Grafted, or own root?

Kathy

I was wondering the same thing: if it was grafted stock and the graft died and you're only getting the rootstock. I don't know much about roses, but as with any plant, in the end it doesn't matter what the name is, but whether or not you like it.

Chan S.

If I remember correctly, it was grafted stock. So far my reaction to this rose is "meh", but I might like it better in a different location punched up with interesting companions. We'll see.

Fred

Wow, I have a Bibi and an Othello too. (I know. It's so *wrong*.) The Bibi bud looks great but I've been disappointed by the way the bush gets leggy and droops. It can't seem to keep its buds out of the dirt.

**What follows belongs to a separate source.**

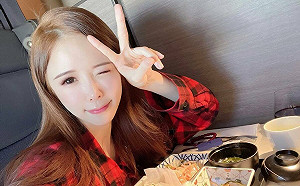 包緊緊仍火辣！大馬女神藍星蕾曬「日常照」 網暴動：好想當包包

This was a bad year for the Othello, at least in S.E. Michigan. The stalks didn't get as tall as last year. The Othello blooms are *huge* and fragrant with citrus, but when they fade they turn fuscia which is not what I wanted. (The photo in the Wayside Gardens catelog looked like a nice deep burgundy.)

Looking at your photo, all I can say is, that could be it. I need a sense of scale; are those blooms mamoth-sized? If not, it's the faux.

Chan S.

The blooms are medium- to smallish, on stumpy canes, and they come out in (and stay) a fuschia that's somewhat muddier than what the photo portrays, so...faux-geddaboutit. (Sorry.) On the other hand, I am very happy with Bibi. I am a *big* fan of its cabbage-rose bloom and its exotic fragrance. Interestingly, its first bloom this spring had the nodding opium-addict problem, but the reblooms (on longer canes) later in the summer managed to defy gravity.